Fortnite has enjoyed a degree of loyalty due to its ongoing commitment to updates, but gamers are notoriously fickle and they could be tempted elsewhere if a more exciting game emerges. It also needs to keep flying the flag for the battle royale genre, as there are some huge upcoming games in 2020 and beyond. The Last of Us 2, Marvel’s Avengers, Cyberpunk 2077 and Ghosts of Tusshima all loom large on the horizon.
The industry will soon be embroiled in a console war, with the PS5 and Xbox Series X hitting shelves before the end of the year. Launch titles include Halo Infinite and Spider-Man: Miles Morales. It would be folly to think that Fortnite is only competing with rival battle royale titles, or free-to-play games.
It has a huge, broad player base, and that leaves it fighting on all fronts. The pie is growing – the video gaming industry has been tipped to grow from $159.3 billion in 2020 to $300 billion by 2025, according to NewZoo – but the Fortnite team will have to work hard to retain a sizeable slice of it.
Long Live the King
Epic underlined its commitment to adding in new content when it unveiled Season 3 Splashdown last week. The new battle pass is packed full of exciting cosmetics, the map has had a drastic change and there are new abilities in this nautical theme.
It has proved to be a winning formula thus far. Players receive a rejuvenated game free of charge on a regular basis, and Epic makes a fortune by selling them cosmetics and passes.

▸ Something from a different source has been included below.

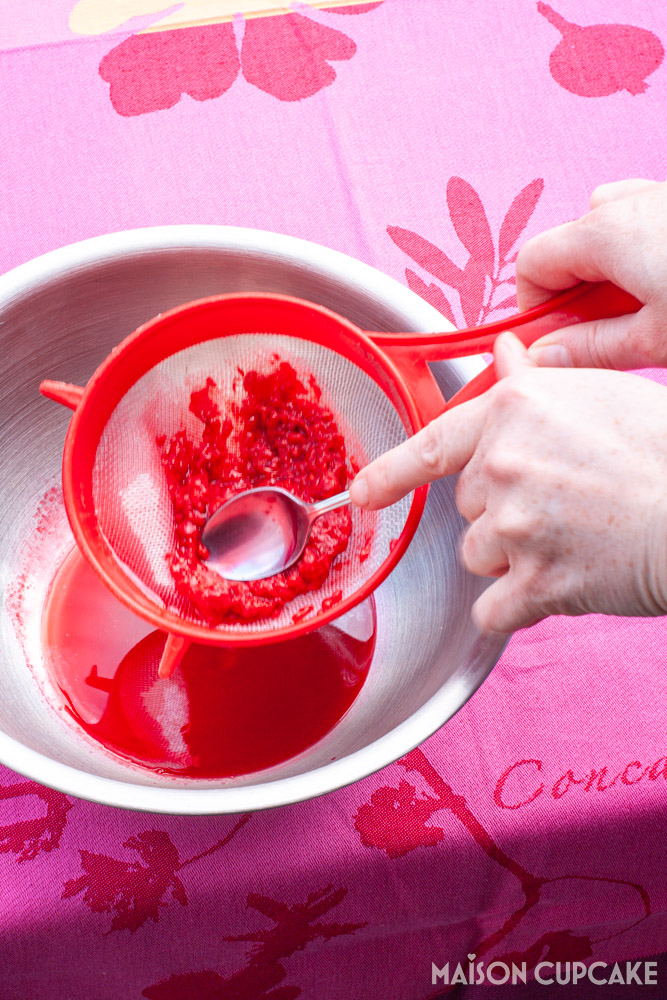 Rhubarb Raspberry Cheesecake Steps - straining raspberry juice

Fortnite has evolved dramatically since it was released in 2017, but for the most part the transition has been a successful one. It also retains the madcap, feverish, cartoonish fun of the original iteration, while the building mechanic continues to add depth, creativity and skill to the game, making it a unique proposition.
A key challenge for Epic will be to retain the game’s current fans while continuing to appeal to new gamers. It has been criticized in the past for alienating players with new iterations of the game, while some updates and rule changes have proved catastrophic, such as the Infinity Blade.
Yet Epic appears to be getting better at listening to the community, taking feedback on board and striking the right balance between continuity and innovation. It continues to break records, and it plays a major role in the lives of hundreds of millions of teenagers and young adults.
It is really interesting to see the developers branching out into party royale and really building a community around the game. Fortnite has started to transcend the world of video games, becoming a social sensation, a virtual hangout space for a generation of people worried about climate change and the coronavirus pandemic. People are putting down their guns, donning funny costumes and hanging out at a virtual party.
It is essentially a masterclass in flexibility, underwritten by astonishingly bold marketing and decision making, and Fortnite will be very difficult to dethrone any time soon.